Il a cité parmi ces conditions "la levée du blocus naval (américain), le déblocage des avoirs (iraniens) gelés, la levée de l'embargo pétrolier" contre Téhéran, ainsi que "la fin des opérations militaires sur tous les fronts".

Après l'attaque américano-israélienne contre l'Iran le 28 février, Téhéran a riposté par des frappes sur les pays voisins alliés de Washington et verrouillé le détroit, voie de transit majeur des hydrocarbures, faisant s'envoler les cours du pétrole.

Les Etats-Unis ont imposé de leur côté un blocus aux ports iraniens.

Un cessez-le-feu a été conclu en avril suivi d'un protocole d'accord en juin en vue de négociations de paix, qui a ensuite volé en éclats après avoir brièvement permis une réouverture du détroit.

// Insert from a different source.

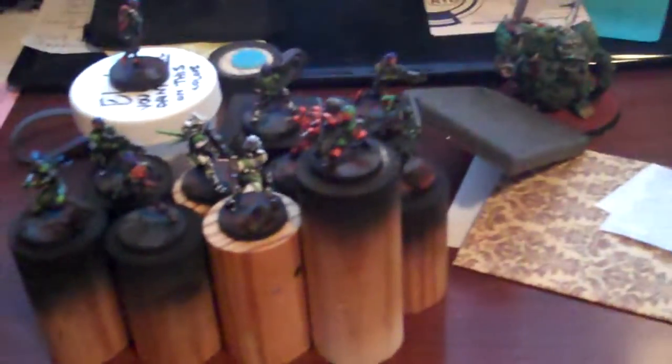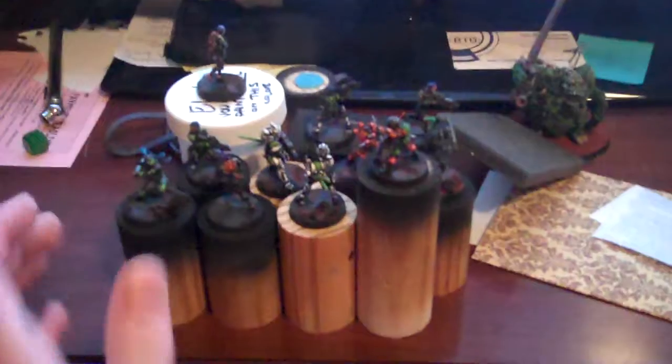Really like how they came out. There's a Great Unclean One over there, just chilling. He hangs out on my desk. As you can see, all finished.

Si les hostilités ont récemment baissé en intensité, les efforts diplomatiques menés par les médiateurs marquent le pas.

L'émissaire américain et gendre de Donald Trump, Jared Kushner, a toutefois qualifié lundi de "très positives et animées" les tractations dans le but de conclure un accord entre l'Iran et les Etats-Unis.

S'il a admis sur Fox News qu'il n'y avait pas "beaucoup de confiance" entre les deux parties, il a précisé qu'elles "s'impliquaient très sérieusement".

"Le président Trump va se montrer très patient, il n'aime pas se précipiter pour conclure un accord. Il conclura le bon accord quand celui-ci sera prêt", a-t-il ajouté.

Dans le même temps, l'Iran et Oman mènent depuis plusieurs semaines des discussions pour trouver un accord sur le passage des navires dans le détroit d'Ormuz, situé entre leurs côtes, dont Téhéran revendique le contrôle.

"Si Oman se met en travers de notre chemin, on va leur bombarder la gueule", a déclaré lundi l'imprévisible  président américain, interrogé sur ces discussions par le journaliste de Fox News Trey Yingst.